I've started parsing
open rail data for a website that is proving more annoying to work than i'd like, but with the domain trains.live, i feel its a good enough name/domain i should give it a good go.
However, it has made me realise just how few of our trains actually run precisely to timetable, with nearly everything being a least a minute or two out.
- 2023-04-06 11_25_58-adam@ns394998_ ~.png (86.24 KiB) Viewed 40168 times
there's also some really suspiciously named locations, such as 'Doncaster Decoy'. A google told me that it dates back to the 2nd World War, Doncaster did a lot of building and they made a few decoy places so Germany would bomb the wrong places. At least, I am going to presume it wasn't named 'Doncaster Decoy' during WWII...
Furthermore, there are 5 methods of referring to the same place, which I presume comes from decades of upgrading various digital systems, each with their own way of doing it, although usually a location doesn't use all of them though. For example, the below is for Peterborough, it's 3ALPHA code is what is often just called the 'station code' that you can usually type into rail websites to quickly refer to a station if you know it, KGX is King's Cross, ZCW is... uh Canada Water & FPK is Finsbury Park for example. STANOX is what the bit of the system I am using uses, i have to quickly search a local database I have (it's a massive list of the below data) for each data push i get, so i can quickly match it to the actual full station (or rail depot / signal block) name. I also need to download an updated version each time a station closes or opens, or a new signal that is used as a timekeeping place is added, at least from what I can tell, i don't get pushes for all signals, just major ones before some stations & major junctions, which i presume are used for time data across the network.
- 2023-04-06 11_30_18-thefoxbox.xyz _ localhost _ raildata _ TIPLOCDATA _ phpMyAdmin 5.0.4deb2+deb11u1.png (6.16 KiB) Viewed 40168 times
One days worth of data, from a random day I pulled a few week ago was 388,820 lines of train movements, which took up 69.6MB of database space. I really now understand why rail websites don't tend to have historical data, or if they do, its only a month or so of history, as it takes up so much space.
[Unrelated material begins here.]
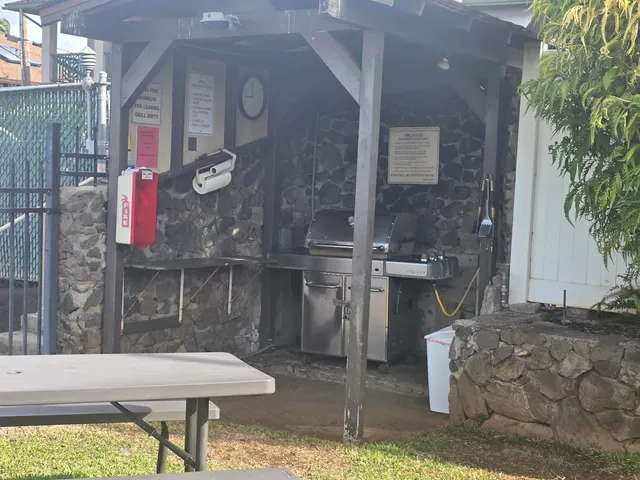 a balcony with table and chairs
I can probably massively reduce that 69MB, as i was ditching every single bit of every movement relayed, i can probably ditch a lot of the data I never need to refer to.
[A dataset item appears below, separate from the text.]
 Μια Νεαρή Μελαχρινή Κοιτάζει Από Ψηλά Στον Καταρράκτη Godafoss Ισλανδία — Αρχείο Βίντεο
Safe to say, building a website using the open access data Network Rail provides? Much bigger task than i expected, definitely has hints of systems built upon systems over decades of computer software with the many ways or referring to locations.
I basically have to glue many different data sources together, to get a coherent output, what i posted a above i just one of the databases of info i need, and a very basic parsing in real time of the movement data. I also need to start getting and parsing data for train cancellations, activations, changes in service, and also download and learn to parse the giant timetable itself, and then use the data above to amend the timetable data with live data as the trains progress around the network.